Those of you who have read my recent movie review of Sherlock Holmes: A Game of Shadows may enjoy this brief historical footnote about Sir Arthur Conan Doyle and the story
Doyle, born in 1858, and who is widely know as the author of the Sherlock Holmes short stories, also was an ophthalmologist. His practice did so poorly that he once wrote in his autobiography that not a single patient had passed his door and this in turn gave him the time to pursue the “Holmes” genre.
By 1891 (the year “Game of Shadows” takes place), Doyle had written his mother about his desire to do away with Holmes in order to pursue other ideas. He wrote, “I think of slaying Holmes…and winding him up for good and all. He takes my mind off of better things.”

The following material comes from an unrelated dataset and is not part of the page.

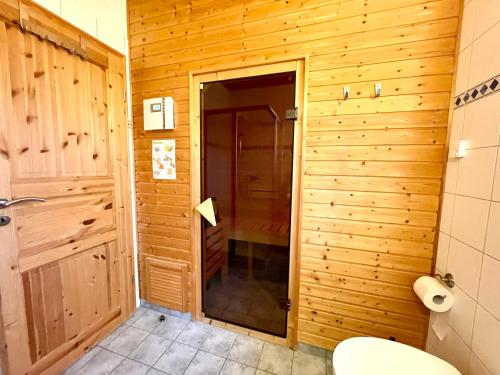 蒂门多夫Ferienhäuser Liethmann Haus 3 W 1的一间带卫生间和木墙的浴室
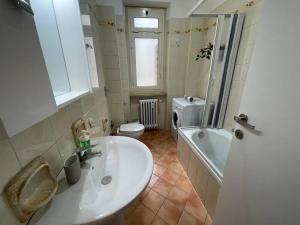 łazienka z umywalką, toaletą i wanną w obiekcie Cozy Apartment x6 persone w Turynie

In 1893 Doyle tried to do away with Holmes and Moriarty by having them fall to their deaths over the Reichenbach Falls during a struggle in the The Final Solution (the story that A Game of Shadows is loosely based on.) Public outcry over the termination of the Holmes series was so intense that in 1901 Doyle was forced to bring the character back in the Hound of the Baskervilles (a storywhich actually takes place before The Final Solution). Holmes eventually went on to be featured in 56 short stories.
Good thing for us that Mr. Doyle’s ophthalmology practice did so lousy.